= Broadbus =

Broadbus Technologies Inc. was a Boxborough, Massachusetts-based, video-on-demand technology company. It was co-founded in 1999 by entrepreneurs Jeffrey Binder and Robert Scheffler. The company was acquired by Motorola in 2006.

==Funding==
As a start-up, Broadbus raised $13 million in 18 months from Battery Ventures and Charles River Ventures of Waltham, Massachusetts. Also backed by Comcast Interactive Capital, Broadbus raised another $25 million in late 2003, and ultimately raised approximately $57 million in venture capital before the acquisition.

Broadbus was an early developer of memory-based systems for delivering both movies and television on demand. The company's flagship B-1 system was reportedly capable of supporting more than 15,000 subscribers simultaneously watching movies and television, all with fast-forward, rewind and pause controls. In 2003 the company received the trademark TOD, for "television on demand" services. By late 2004 employed more than 125 people throughout the US, Europe and Asia.

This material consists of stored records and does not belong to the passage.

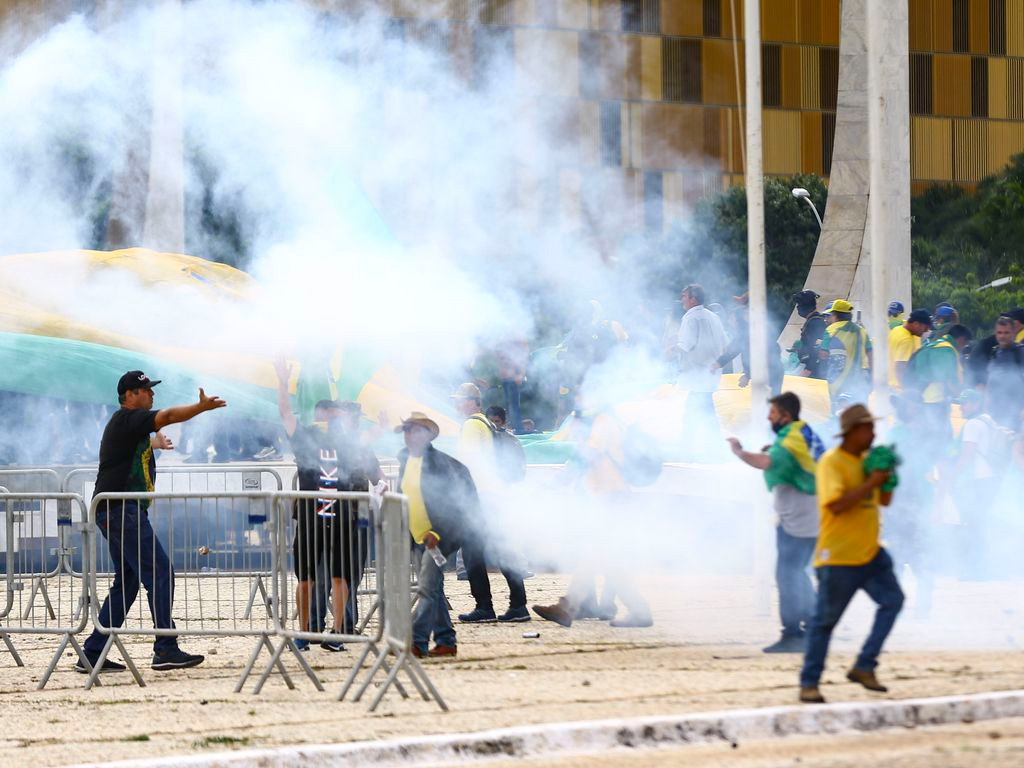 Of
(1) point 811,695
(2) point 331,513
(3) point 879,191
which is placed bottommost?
(1) point 811,695

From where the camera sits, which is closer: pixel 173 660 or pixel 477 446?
pixel 173 660

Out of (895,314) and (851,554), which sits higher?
(895,314)

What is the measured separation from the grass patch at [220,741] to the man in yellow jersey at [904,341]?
832 centimetres

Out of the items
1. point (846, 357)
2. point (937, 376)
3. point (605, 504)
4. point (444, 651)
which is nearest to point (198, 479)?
point (605, 504)

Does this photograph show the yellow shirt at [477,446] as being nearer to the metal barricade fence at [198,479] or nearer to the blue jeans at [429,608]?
the blue jeans at [429,608]

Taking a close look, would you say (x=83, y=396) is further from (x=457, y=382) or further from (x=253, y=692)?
(x=253, y=692)

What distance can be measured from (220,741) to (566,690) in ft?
6.58

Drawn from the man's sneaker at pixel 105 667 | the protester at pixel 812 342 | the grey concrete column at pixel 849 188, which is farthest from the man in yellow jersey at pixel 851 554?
the grey concrete column at pixel 849 188

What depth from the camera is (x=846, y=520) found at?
811 cm

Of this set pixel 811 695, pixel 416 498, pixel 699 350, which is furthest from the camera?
pixel 699 350

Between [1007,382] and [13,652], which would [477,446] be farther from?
[1007,382]

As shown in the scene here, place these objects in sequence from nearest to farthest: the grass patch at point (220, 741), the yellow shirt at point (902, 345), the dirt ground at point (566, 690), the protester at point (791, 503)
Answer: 1. the dirt ground at point (566, 690)
2. the grass patch at point (220, 741)
3. the protester at point (791, 503)
4. the yellow shirt at point (902, 345)

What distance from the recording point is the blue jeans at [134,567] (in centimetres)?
1014

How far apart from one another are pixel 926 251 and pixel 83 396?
41.0 m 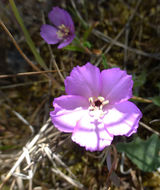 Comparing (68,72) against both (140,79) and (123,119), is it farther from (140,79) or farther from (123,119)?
(123,119)

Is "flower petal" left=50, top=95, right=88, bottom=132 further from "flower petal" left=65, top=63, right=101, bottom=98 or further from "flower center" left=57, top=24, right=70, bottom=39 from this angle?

By the end of 2005, Broadbus was the market leader in VOD in Europe winning the whole of UPC, the continent's largest MSO, with over 16 million subscribers. In addition, Broadbus was fast becoming number one for new VOD streams sold worldwide, approaching SeaChange and Concurrent, the prior market leaders. They were purchased by Motorola in September 2006 for $181 million.